Изменить размер шрифта - +
Ждал он довольно долго потому, что во-первых, было еще рано, а во-вторых, в соседней комнате два человека промеж себя спорили, как с ним быть: один говорил — надо его послать к черту немедленно, а другой, что его надо послать к черту, но не сразу.

Наконец, его попросили войти. Он, прежде всего, осведомился, хорошо ли его приняли и кто он. «Да, да, — ответил ему скучный человек в очках, — что угодно?» Александр Львович сел, утвердив на столе свою шляпу изнанкой вверх, и она вдруг показала миру свою роскошную внутренность: белый атлас, золотой росчерк фирмы, эмалевые инициалы. Он попросил напечатать на видном месте письмо в редакцию о том, что три дня тому назад упомянутый в газете Александр Красноверов (без постоянного местожительства), высылаемый из Франции за разные непотребства, ничего не имеет общего с ним, присяжным поверенным А. Красноперовым.

— Да ведь там вэ-э-э-э, — протянул скучный человек, — а здесь пэ-э-э-э.

— Жизнь состоит из деталей, — и он выплюнул из глаза монокль. Но напечатать письмо ему отказали.

Посмотрев на себя мельком в зеркало над комодом, он вышел. После него в коридоре остался запах персидской сирени, которой он душился вот уже сорок лет.

День был самый обыкновенный, один из 365 дней, может быть 210-ый, или какой другой. Дел у Александра Львовича не было никаких, — дела за него делали другие: покупали, продавали, попридерживали. Позавтракал он как всегда с пользой, встречая кого надо. Лакей его знал, в летнее время с террасы отгонял от него случайных нищих, за что он щедро давал ему на чай. Лакей доставлял ему сведения об обедающих дамах. «Ни по чем, — говорил он, — господин Краснопёров, здесь никакой почвы нет. Не стоит терять сил и здоровья». Или: «Все данные за и против. Предоставьте нам». (Это значило, что может быть удача, и «против» говорилось с разбегу). И Александр Львович, наставив стеклышко, дерзко и властно смотрел на блондинку, ощипывающую артишок. И такая казалась она особенная, далекая, наверное привередливая и загадочная… А познакомился — глядишь, все то же: болтовня, скука, деньги. Но отчаиваться не надо: всех перепробуем, всему нарадуемся! Главное, во всем находить удовольствие, как заразы бояться огорчений. Довольно было несчастий: два состояния потерял (в России и в Берлине), жена бросила, дочь ушла, живет «так», сын застрелился после карточного проигрыша. Пора радоваться. Осталось — не так уж и много. Только пожалуйста, милые европейские правители, не устраиваете новой войнишки; землетрясения, потерпите! Гольфстрем, прошу продолжать во всю!
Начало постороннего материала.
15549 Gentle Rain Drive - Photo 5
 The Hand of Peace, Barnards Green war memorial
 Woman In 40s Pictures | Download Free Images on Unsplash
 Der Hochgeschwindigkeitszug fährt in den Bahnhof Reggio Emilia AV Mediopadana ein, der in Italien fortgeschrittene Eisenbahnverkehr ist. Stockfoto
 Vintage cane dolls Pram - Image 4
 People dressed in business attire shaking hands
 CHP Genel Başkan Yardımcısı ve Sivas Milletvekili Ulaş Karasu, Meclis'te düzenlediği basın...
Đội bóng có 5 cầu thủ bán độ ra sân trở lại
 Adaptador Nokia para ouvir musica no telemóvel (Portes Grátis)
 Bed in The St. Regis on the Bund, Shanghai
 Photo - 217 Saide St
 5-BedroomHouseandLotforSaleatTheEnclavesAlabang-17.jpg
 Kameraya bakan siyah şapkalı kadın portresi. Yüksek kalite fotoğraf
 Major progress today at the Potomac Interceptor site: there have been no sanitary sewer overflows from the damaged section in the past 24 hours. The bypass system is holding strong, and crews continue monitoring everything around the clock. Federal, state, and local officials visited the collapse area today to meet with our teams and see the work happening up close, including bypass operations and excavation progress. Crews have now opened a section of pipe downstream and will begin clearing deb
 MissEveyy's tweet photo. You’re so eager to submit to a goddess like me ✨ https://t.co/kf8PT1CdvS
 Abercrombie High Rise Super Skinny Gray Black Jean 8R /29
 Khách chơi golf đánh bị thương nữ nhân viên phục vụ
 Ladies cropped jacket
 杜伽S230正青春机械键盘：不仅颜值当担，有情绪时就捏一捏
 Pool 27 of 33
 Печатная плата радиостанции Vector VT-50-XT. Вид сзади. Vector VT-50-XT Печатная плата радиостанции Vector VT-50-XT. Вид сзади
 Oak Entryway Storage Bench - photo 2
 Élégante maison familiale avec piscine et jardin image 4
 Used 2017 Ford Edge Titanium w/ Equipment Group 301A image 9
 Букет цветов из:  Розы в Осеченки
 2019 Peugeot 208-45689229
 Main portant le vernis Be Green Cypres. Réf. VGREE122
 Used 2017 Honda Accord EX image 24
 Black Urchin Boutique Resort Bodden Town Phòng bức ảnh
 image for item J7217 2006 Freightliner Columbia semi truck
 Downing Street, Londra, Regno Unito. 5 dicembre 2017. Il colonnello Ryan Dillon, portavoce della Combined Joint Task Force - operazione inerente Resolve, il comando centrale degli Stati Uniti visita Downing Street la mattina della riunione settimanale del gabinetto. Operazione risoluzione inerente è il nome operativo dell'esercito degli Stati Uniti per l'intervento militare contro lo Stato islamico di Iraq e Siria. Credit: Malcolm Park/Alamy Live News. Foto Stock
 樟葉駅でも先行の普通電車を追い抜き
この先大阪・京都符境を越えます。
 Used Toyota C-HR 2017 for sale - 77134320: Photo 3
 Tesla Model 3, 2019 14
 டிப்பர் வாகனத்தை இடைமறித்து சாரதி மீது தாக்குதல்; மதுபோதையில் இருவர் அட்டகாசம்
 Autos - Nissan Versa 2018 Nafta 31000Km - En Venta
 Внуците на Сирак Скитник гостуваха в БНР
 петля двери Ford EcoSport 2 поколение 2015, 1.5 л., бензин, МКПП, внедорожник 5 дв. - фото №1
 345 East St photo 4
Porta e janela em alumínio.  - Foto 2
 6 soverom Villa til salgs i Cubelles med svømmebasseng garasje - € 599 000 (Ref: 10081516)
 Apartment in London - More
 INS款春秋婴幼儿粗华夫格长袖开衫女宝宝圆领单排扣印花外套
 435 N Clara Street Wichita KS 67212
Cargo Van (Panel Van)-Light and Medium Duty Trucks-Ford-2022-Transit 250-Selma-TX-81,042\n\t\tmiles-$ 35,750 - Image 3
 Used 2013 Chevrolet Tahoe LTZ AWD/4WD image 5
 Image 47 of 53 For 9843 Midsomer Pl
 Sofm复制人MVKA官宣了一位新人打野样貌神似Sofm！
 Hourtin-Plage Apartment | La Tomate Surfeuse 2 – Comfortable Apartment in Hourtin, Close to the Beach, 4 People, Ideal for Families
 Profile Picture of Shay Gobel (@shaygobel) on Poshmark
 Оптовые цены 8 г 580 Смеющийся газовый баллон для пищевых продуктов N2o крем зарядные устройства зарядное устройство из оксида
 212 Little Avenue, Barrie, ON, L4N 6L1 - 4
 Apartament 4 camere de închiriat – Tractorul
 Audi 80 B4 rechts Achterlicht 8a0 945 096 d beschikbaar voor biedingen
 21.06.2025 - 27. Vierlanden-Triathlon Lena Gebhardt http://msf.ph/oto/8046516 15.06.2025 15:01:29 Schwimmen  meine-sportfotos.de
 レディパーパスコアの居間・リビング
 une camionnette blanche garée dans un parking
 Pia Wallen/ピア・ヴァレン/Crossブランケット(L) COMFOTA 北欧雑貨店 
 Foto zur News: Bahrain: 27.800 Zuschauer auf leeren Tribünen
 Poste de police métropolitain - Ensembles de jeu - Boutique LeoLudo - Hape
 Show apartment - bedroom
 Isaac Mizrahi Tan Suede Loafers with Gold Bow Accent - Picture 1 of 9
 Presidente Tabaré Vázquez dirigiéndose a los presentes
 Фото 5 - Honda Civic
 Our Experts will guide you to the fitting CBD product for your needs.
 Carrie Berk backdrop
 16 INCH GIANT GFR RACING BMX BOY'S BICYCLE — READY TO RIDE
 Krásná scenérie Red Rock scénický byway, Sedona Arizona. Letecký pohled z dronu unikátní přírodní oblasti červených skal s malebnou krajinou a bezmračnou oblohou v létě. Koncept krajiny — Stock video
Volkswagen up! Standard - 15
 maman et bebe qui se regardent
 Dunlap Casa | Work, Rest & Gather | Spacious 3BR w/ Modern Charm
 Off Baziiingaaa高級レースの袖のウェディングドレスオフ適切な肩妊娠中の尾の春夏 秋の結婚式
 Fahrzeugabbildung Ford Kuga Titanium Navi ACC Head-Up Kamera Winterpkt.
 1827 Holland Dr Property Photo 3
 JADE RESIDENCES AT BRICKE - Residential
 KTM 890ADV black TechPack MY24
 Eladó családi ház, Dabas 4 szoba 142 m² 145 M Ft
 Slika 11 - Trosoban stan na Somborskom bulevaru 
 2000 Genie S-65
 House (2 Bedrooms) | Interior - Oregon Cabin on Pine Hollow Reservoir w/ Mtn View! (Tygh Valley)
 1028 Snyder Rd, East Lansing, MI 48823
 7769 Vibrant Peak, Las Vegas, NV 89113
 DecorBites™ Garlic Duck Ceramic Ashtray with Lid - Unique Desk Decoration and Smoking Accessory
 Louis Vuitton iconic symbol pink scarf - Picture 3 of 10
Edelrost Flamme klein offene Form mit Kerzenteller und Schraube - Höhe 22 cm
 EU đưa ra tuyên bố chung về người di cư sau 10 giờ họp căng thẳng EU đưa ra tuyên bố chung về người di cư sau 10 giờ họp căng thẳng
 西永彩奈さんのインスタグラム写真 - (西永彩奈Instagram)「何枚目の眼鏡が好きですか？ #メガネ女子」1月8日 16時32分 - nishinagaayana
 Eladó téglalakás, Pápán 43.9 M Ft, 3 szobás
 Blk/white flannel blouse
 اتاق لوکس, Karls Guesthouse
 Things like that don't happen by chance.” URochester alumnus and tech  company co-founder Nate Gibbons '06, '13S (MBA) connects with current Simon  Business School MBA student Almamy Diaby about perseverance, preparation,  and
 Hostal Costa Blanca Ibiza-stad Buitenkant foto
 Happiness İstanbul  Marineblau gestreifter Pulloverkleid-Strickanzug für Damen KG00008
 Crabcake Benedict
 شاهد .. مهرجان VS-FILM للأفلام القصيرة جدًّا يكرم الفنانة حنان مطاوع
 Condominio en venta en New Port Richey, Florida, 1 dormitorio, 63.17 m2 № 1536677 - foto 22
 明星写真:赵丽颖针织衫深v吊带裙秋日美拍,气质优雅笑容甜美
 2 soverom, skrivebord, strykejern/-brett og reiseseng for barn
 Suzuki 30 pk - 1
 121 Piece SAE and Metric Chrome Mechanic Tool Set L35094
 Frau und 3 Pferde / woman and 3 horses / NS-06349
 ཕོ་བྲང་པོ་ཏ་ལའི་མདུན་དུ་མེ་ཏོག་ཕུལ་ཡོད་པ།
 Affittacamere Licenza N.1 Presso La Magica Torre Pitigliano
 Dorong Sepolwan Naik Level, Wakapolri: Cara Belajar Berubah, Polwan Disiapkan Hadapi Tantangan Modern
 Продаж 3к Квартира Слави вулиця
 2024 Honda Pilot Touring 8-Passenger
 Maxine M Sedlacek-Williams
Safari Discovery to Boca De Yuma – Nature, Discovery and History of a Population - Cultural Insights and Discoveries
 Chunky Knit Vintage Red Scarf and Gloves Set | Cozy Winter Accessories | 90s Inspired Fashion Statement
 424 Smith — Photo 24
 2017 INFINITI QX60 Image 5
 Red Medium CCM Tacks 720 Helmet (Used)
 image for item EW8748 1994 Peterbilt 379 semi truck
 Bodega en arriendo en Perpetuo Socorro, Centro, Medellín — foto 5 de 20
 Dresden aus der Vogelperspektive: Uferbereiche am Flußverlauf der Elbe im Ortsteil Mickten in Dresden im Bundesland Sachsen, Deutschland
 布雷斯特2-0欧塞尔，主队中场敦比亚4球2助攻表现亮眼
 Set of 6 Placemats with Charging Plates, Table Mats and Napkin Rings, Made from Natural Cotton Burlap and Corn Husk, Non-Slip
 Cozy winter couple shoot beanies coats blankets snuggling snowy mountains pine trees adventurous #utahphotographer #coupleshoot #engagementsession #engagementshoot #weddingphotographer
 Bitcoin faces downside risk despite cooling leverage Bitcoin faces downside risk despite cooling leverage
— Да сколько ему лет? Ей-богу, он для шестидесяти выглядит молодцом, — сказал ему кто-то вслед, когда он вышел из ресторана. И правда, хоть он и говорил, что ему 54, для шестидесяти одного года он был моложав, прям, старался плечам придавать при походке упругость, вообще крепился вовсю, поддерживая, когда случалось, разговоры о плавании, теннисе, о солнце, море, новых, в последнее десятилетие появившихся худощавых стриженых женщинах (на деле предпочитая вялых, роскошных особ, никогда не бравших в руки ни весла, ни ракетки), говорил о театре (в мыслях держа «Птичек певчих» и «Даму от Максима»). О том, что после завтрака он дома спит, а перед тем снимает трубку телефона, долго громко зевает, охает, кряхтя и сморкаясь, никто не догадывался. Засыпал он обычно что-то блаженно высчитывая, и так устраивались его дела в последнее время, что всегда хватало, и оставалось, и все были довольны, и еще благодарили его.

Положительно ничего неприятного не должно было существовать на свете. Все неприятности он решил раз навсегда отменить. Если начать вспоминать, может испортиться эта форма, в которую он вдвинул себя. Третьего дня, например, он стоял у одного дома на набережной.